Module 09
So you want to segment with machine learning
This lesson adapts the `1_sklearn_introduction.ipynb` notebook into a guided walkthrough of normalization, unsupervised clustering, segmentation quality, feature engineering, and random-forest-based segmentation.
Source notebook topics
- Image loading and display using `skimage.io.imread` and matplotlib.
- Min-max normalization for image intensities.
- Unsupervised segmentation with K-means clustering.
- Intersection over Union to judge segmentation quality.
- Feature engineering for supervised pixel classification.
- Random forest as a first supervised segmentation model.
Why this matters
This notebook marks the transition from “opening images and looking at them” to “using measurable pixel features to make segmentation decisions.” It is a useful bridge between classical image analysis and later deep-learning tools.
Suggested learning flow
Part 1: load and normalize
Start with a real microscopy image such as `wt_dna.tif`. Display it, inspect its value range, and implement your own min-max normalization function using NumPy. This reinforces that image data are arrays first and pictures second.

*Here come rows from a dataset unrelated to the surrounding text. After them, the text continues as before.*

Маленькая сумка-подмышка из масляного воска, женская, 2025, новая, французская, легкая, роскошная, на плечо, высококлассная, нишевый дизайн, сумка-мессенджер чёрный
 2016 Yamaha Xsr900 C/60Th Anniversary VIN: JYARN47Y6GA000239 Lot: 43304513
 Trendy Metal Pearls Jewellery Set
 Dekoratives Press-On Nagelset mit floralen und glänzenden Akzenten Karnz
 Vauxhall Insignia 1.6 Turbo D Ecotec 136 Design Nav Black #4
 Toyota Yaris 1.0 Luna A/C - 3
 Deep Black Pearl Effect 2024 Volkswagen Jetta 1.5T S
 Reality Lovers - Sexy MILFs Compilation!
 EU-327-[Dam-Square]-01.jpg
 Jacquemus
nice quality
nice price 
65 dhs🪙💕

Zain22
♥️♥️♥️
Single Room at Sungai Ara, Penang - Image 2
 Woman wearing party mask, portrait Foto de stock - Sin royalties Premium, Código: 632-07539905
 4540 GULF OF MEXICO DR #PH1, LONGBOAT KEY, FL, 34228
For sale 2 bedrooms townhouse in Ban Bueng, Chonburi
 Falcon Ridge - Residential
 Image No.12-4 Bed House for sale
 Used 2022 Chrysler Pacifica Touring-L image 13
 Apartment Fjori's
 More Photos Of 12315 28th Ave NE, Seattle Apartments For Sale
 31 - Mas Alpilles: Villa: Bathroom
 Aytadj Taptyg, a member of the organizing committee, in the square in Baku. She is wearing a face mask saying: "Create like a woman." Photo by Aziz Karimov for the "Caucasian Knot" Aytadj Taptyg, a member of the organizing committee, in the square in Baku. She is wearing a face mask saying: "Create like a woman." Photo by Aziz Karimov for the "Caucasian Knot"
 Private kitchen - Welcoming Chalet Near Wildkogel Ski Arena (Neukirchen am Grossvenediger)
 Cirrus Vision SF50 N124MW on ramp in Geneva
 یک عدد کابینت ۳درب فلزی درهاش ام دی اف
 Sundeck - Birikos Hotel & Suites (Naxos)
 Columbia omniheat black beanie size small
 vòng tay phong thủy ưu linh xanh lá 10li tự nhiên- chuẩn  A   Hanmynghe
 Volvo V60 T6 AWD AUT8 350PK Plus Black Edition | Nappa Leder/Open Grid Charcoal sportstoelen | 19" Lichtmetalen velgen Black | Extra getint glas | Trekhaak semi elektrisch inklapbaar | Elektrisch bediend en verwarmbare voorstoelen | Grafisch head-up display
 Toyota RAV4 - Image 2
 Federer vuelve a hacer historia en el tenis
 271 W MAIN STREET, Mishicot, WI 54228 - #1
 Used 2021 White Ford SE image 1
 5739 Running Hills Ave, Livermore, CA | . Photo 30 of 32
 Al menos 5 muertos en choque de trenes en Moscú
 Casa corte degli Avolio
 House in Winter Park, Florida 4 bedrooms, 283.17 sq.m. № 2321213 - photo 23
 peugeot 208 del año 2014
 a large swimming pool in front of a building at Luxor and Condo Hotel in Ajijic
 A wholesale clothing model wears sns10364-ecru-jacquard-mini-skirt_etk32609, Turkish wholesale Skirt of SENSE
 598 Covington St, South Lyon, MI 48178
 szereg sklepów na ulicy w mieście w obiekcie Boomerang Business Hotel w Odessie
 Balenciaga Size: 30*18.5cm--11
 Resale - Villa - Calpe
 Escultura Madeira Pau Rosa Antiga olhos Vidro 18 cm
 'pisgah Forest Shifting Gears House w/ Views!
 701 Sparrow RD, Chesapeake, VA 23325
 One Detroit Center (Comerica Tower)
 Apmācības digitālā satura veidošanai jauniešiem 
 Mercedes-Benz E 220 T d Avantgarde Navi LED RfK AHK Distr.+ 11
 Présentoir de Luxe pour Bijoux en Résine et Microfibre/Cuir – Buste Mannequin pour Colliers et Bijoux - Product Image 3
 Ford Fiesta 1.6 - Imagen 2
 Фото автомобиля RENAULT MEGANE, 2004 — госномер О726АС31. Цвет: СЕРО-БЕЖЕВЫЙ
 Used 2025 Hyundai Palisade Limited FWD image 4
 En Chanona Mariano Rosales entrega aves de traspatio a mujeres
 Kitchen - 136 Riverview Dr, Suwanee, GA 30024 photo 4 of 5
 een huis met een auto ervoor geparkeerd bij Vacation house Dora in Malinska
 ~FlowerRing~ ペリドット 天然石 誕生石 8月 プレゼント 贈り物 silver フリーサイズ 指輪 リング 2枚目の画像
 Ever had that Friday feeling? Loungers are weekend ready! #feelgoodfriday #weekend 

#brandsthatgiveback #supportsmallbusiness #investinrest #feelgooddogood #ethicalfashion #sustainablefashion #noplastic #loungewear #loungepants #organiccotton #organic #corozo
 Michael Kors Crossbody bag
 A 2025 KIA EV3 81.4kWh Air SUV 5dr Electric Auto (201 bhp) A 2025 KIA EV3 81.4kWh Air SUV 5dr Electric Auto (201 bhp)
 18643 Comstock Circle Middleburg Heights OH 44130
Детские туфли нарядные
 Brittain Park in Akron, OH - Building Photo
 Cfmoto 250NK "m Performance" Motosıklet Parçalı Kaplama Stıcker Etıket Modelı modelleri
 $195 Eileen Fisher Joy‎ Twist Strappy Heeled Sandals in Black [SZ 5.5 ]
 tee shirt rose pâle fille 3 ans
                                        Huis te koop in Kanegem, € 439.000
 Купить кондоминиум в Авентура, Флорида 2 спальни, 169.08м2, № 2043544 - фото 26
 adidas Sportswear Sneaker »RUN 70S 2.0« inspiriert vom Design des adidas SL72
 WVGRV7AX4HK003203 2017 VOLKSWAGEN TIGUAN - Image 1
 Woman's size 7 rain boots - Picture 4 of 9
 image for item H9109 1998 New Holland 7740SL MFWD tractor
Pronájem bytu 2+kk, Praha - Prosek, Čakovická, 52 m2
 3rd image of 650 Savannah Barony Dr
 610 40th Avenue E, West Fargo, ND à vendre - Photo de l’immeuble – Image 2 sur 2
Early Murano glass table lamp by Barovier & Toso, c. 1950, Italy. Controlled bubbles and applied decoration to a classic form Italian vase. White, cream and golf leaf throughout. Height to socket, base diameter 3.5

Part 2: unsupervised segmentation
Use K-means with two clusters as a first binary segmentation attempt. The goal is not perfection. The goal is to understand the machine-learning workflow: initialize a model, fit on features, predict, then reshape the output back into image form.
Part 3: judge quality
Compare your predicted segmentation to a reference mask using Intersection over Union. This is the first time many learners see the difference between “the output looks okay” and “the output can be measured objectively.”
Part 4: move to supervised learning
Engineer extra per-pixel features and train a random forest. This helps learners understand that supervised segmentation requires both labels and a useful feature representation.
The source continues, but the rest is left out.